== Segment start ==
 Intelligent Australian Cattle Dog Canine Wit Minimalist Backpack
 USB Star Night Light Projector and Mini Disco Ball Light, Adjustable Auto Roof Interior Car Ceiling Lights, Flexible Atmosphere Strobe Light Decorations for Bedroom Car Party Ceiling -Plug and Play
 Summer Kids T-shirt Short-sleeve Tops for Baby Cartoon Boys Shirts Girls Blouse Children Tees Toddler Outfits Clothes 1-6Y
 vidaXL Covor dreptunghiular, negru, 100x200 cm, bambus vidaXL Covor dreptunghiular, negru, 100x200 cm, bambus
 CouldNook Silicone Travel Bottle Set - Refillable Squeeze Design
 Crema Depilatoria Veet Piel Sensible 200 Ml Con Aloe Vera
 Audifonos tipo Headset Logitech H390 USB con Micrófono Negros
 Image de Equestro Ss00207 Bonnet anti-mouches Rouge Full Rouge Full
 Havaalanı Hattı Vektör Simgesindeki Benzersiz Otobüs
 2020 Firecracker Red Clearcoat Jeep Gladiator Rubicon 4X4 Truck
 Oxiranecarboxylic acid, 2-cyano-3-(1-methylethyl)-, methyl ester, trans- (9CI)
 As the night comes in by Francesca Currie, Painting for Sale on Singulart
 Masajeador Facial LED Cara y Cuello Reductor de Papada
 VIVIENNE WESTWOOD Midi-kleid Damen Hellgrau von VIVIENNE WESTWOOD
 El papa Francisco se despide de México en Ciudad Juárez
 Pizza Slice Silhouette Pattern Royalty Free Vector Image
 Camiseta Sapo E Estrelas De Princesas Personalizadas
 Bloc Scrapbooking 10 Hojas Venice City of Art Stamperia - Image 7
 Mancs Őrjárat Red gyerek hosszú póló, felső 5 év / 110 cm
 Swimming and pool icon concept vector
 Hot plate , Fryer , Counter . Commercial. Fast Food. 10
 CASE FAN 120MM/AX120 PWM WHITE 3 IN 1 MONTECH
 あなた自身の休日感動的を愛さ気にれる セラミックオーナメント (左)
== Segment end ==
● **EXERCISE**: The response must consist solely of the lines from the top of the records through the line holding "Oxiranecarboxylic acid, 2-cyano-3-(1-methylethyl)-, methyl", copied word for word.

● **RESULT**:
 Intelligent Australian Cattle Dog Canine Wit Minimalist Backpack
 USB Star Night Light Projector and Mini Disco Ball Light, Adjustable Auto Roof Interior Car Ceiling Lights, Flexible Atmosphere Strobe Light Decorations for Bedroom Car Party Ceiling -Plug and Play
 Summer Kids T-shirt Short-sleeve Tops for Baby Cartoon Boys Shirts Girls Blouse Children Tees Toddler Outfits Clothes 1-6Y
 vidaXL Covor dreptunghiular, negru, 100x200 cm, bambus vidaXL Covor dreptunghiular, negru, 100x200 cm, bambus
 CouldNook Silicone Travel Bottle Set - Refillable Squeeze Design
 Crema Depilatoria Veet Piel Sensible 200 Ml Con Aloe Vera
 Audifonos tipo Headset Logitech H390 USB con Micrófono Negros
 Image de Equestro Ss00207 Bonnet anti-mouches Rouge Full Rouge Full
 Havaalanı Hattı Vektör Simgesindeki Benzersiz Otobüs
 2020 Firecracker Red Clearcoat Jeep Gladiator Rubicon 4X4 Truck
 Oxiranecarboxylic acid, 2-cyano-3-(1-methylethyl)-, methyl ester, trans- (9CI)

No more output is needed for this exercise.